Data provided:
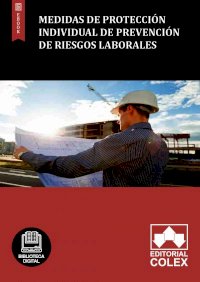 Medidas de protección individual de Prevención de Riesgos Laborales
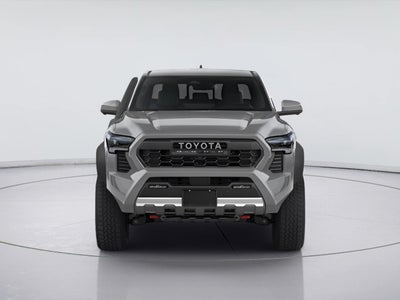 2026 Toyota Tacoma i-FORCE MAX Tacoma Trailhunter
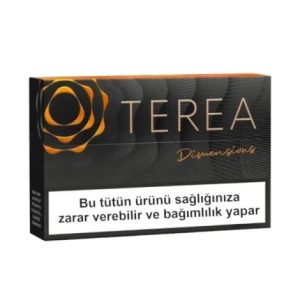Terea Dimensions Noor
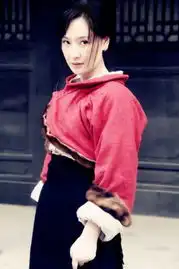 火线三兄弟首曝唯美剧照孙宁抗日御姐迷人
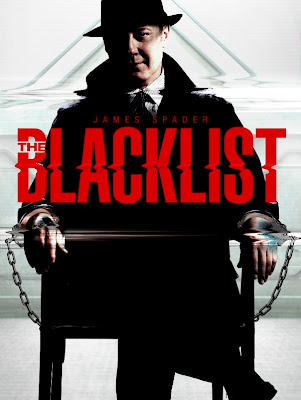 The Blacklist on AXN, the blacklist, axn, astro, James Spader, us drama series, us tv series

Problem statement:
Write out exactly the lines from the one containing "火线三兄弟首曝唯美剧照孙宁抗日御姐迷人" to the last line of the records above, both included, and leave out any pictures.

Response to the task:
 火线三兄弟首曝唯美剧照孙宁抗日御姐迷人
 The Blacklist on AXN, the blacklist, axn, astro, James Spader, us drama series, us tv series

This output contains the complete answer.